By Andrew Parker in Barcelona
Published: February 15 2011 16:29 | Last updated: February 15 2011 16:29
Some of the world’s largest mobile phone operators have launched a fresh offensive against Apple and Google, in a sign of how telecoms companies are trying to secure more revenue from the fast-growing popularity of the wireless internet.

Franco Bernabe, chairman of the GSMA, the mobile operators’ representative body, claimed Apple’s highly successful business model for the iPhone would ultimately fail.

Cesar Alierta, chairman of Telefonica, said internet content providers such as Google that are unleashing large volumes of data traffic on operators’ networks should pay the telecoms companies for delivery of their material to end users.

The mobile operators are using the Mobile World Congress in Barcelona to raise the profile of their belated initiative to secure revenue from the proliferation of smartphone applications such as games.

The GSMA-sponsored Wholesale Applications Community is in the early stages of providing software developers with tools for making applications that are meant to be sold in operators’ online stores. The operators are planning to secure some of the revenue generated from any application sales.

Developers who make applications for the iPhone secure 70 per cent of the revenue generated from sales of their products in Apple’s online store, with the remainder going to the US technology company. No revenue is shared with the operators.

Mr Bernabe compared Apple’s business model for the iPhone to the operators’ failed attempts in the previous decade to create a “walled-garden” mobile internet, where handset users could not browse the worldwide web and were often directed to operators’ products and services.

Apple’s business model is credited with making the iPhone user-friendly, but it has caused some controversy, partly because the company retains full control over the smartphone’s operating system, and developers must obtain approval for their applications.

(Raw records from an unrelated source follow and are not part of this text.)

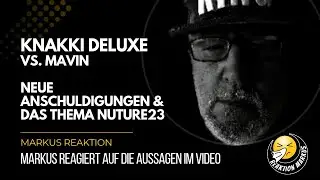 Knakki Deluxe vs. Marvin: Neue Anschuldigungen & das Thema Nuture23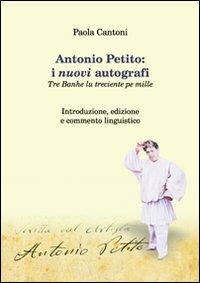 Antonio Petito. I nuovi autografi. Tre banhe lu treciente pe mille - Paola Cantoni - Libro Edizioni del Sole 2010, Scriptorium | Libraccio.it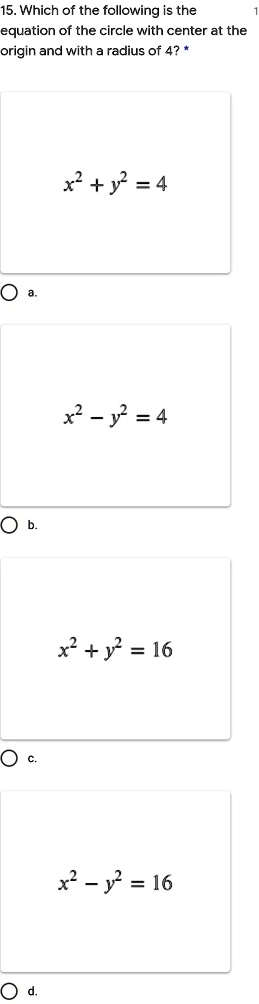 15. Which of the following is the
equation of the circle with center at the
origin and with a radius of 4? *
a. x^2 + y^2 = 4
b. x^2 - y^2 = 4
c. x^2 + y^2 = 16
d. x^2 - y^2 = 16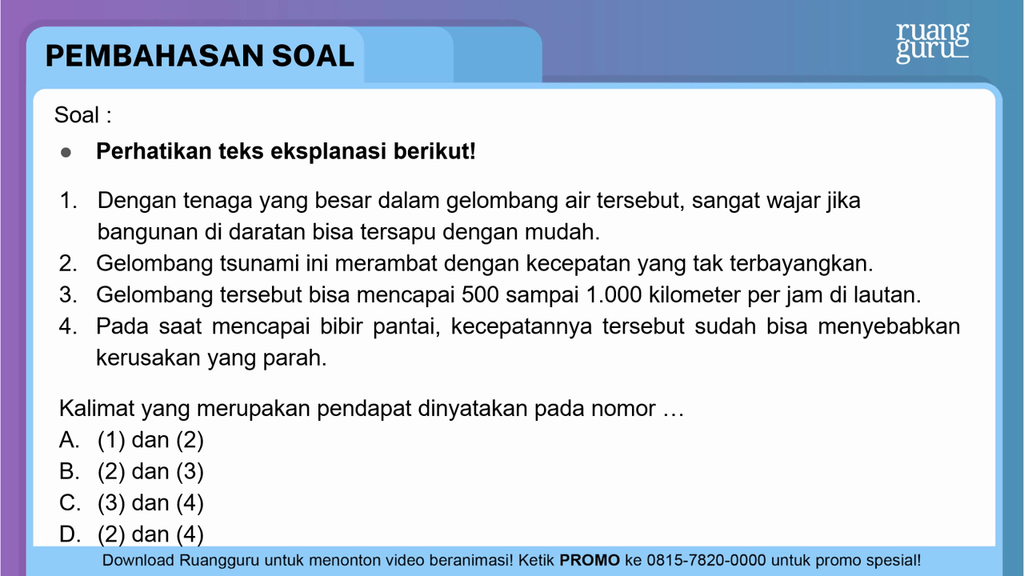 Kalimat Yang Merupakan Pendapat Dinyatakan Pada No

Mr Bernabe, chief executive of Telecom Italia, told the Financial Times: “Apple has invented a very clever system and perhaps it’s the first real example of a very successful walled garden … probably Apple’s walled garden will last a much longer time than the ones we have seen in the past but I think there is no recipe for eternal success.”

Vittorio Colao, chief executive of Vodafone, also expressed some misgivings about Apple’s iPhone business model by saying he wanted to avoid “closed systems”.

Mr Alierta highlighted how fixed-line and mobile operators were spending billions of euros on new networks to cope with consumers’ fast-growing appetite to watch video over the internet.

He said content providers unleashing large amounts of data traffic, such as Google’s YouTube video-sharing service, should pay for high-quality delivery of their material to end users.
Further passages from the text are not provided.